Where I work, we have developed a nuanced philosophy to describe the niceties of collecting data, managing it, validating it, and preparing it for use: “Data is hard.”

This was brought to light in a very public manner by the vandalism that was displayed on basemaps produced by Mapbox. The responses by Mapbox  and their CEO, Eric Gendersen, are good examples of how a company should respond to such incidents. Kudos to him and the team at Mapbox for addressing and rectifying the situation quickly.

The Gordian Knot
By jmerelo [CC BY 2.0 (], via Wikimedia Commons
Speculation quickly ran to vandalism of OSM, which is one of the primary data sources used by Mapbox in their products. That speculation was backed up by the edit history in the New York area, but it is interesting to note that the vandalism was caught early in OSM and never came to light is OSM itself. In this case, the crowd worked as it was supposed to.

Because OSM is one of many data sources used by Mapbox, they pull the data at regular intervals and use automated means to perform QA/QC including, presumably, flagging and removal of potentially offensive content. According to them, the automated system correctly flagged the vandalism for review, but there seems to have been a failure in the system that tasked people to review the content. So, the vandalism made it through, leading to an inescapable conclusion: data is hard.

At my company, we support native OSM tiles as a backdrop in our software products, so we quickly inspected the New York area to ensure we weren’t displaying the offending content. We also do our own data collection for customers and sometimes use OSM as a reference (though OSM content is never used in our own data products). After a thorough look through the data itself, we realized we were clear on all counts.
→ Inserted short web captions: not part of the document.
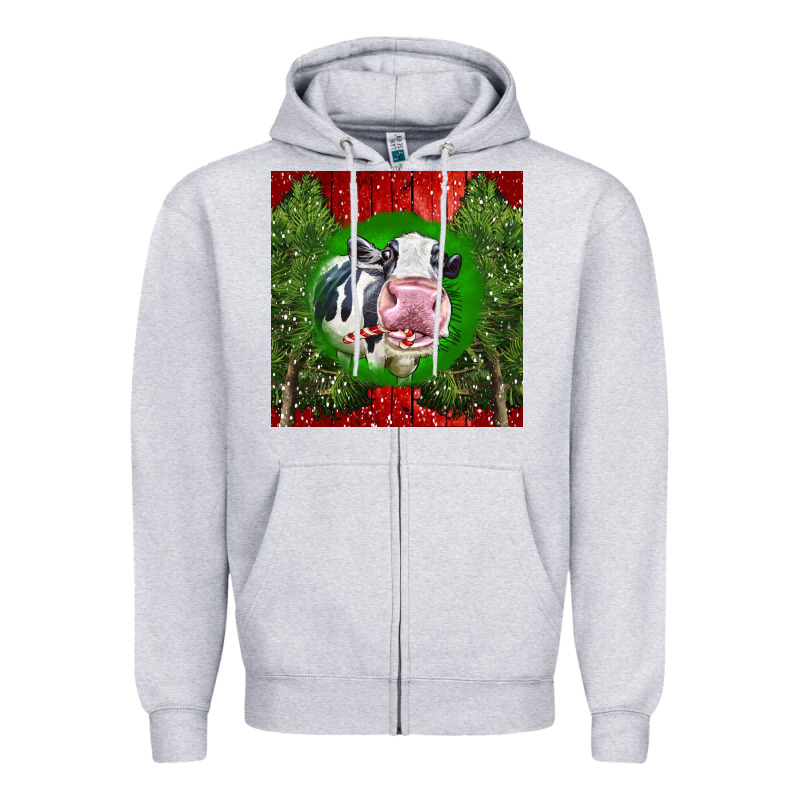 Christmas Holstein Zipper Hoodie by LillyAllenDesigns | Teevron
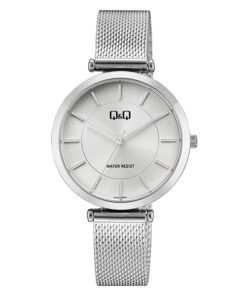Q&Q Q13A-003PY silver mesh strap silver analog dial ladies wrist watch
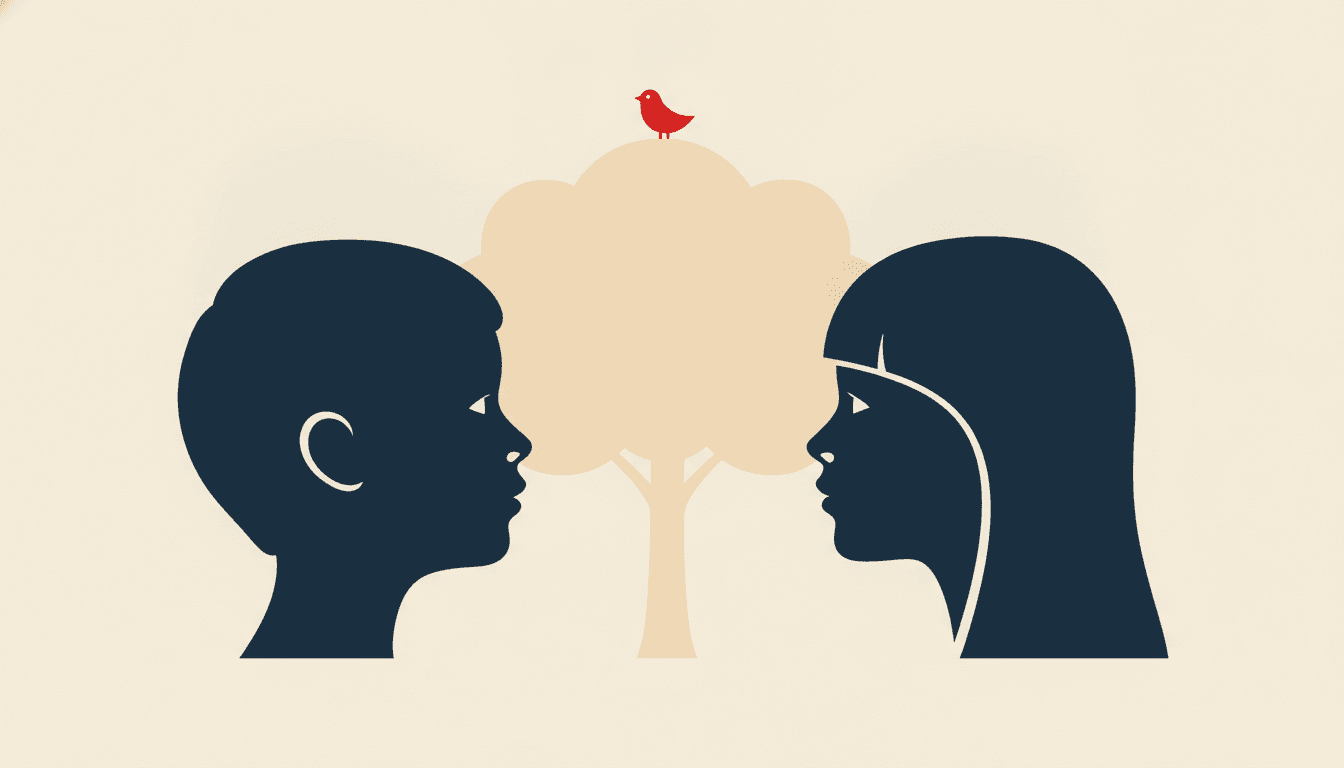 Two children's heads in profile facing each other as solid deep navy silhouettes on a flat warm cream ground, the left with a rounded skull, short hair, a small cream ear curl, a snub nose and full lips, the right with long straight hair falling in one solid wedge behind a blunt fringe and a sharper nose, and the warm cream gap held between their two faces forming a tree, its rounded canopy made by the curve of their foreheads and a slim pale trunk running down between their chins, with one small red bird perched on the very top of the canopy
The reality that data is hard shouldn’t be a surprise. As much as we like to fool ourselves that computers are a purely logical, engineered solution, everything about them, source code, UI/UX design, and, yes, data, reflects the biases and assumptions of the humans that created them. Computers and their behavior are as reflective of us, good and bad, as any poem or painting.

So the fact that what seems to have worked best is a crowd of humans poring over the data also isn’t surprising. We’ve still got some time before human-curated data becomes unnecessary, if that ever happens.

What happened with Mapbox is a wake-up call to everyone who makes downstream use of OSM or any other data source. Every time a data source is forked, every time one is fused with another, every step that is taken farther away from a data source’s native collection and quality control processes becomes a potential insertion point of risk and vulnerability. This is a fact — not unique to open data  — but it is not something that should deter anyone from using data such as OSM or from attempting to make data a more accurate representation of our world. So, kudos to the OSM community and to Mapbox for closing ranks quickly to protect a valuable data source. Data is hard and it requires vigilance.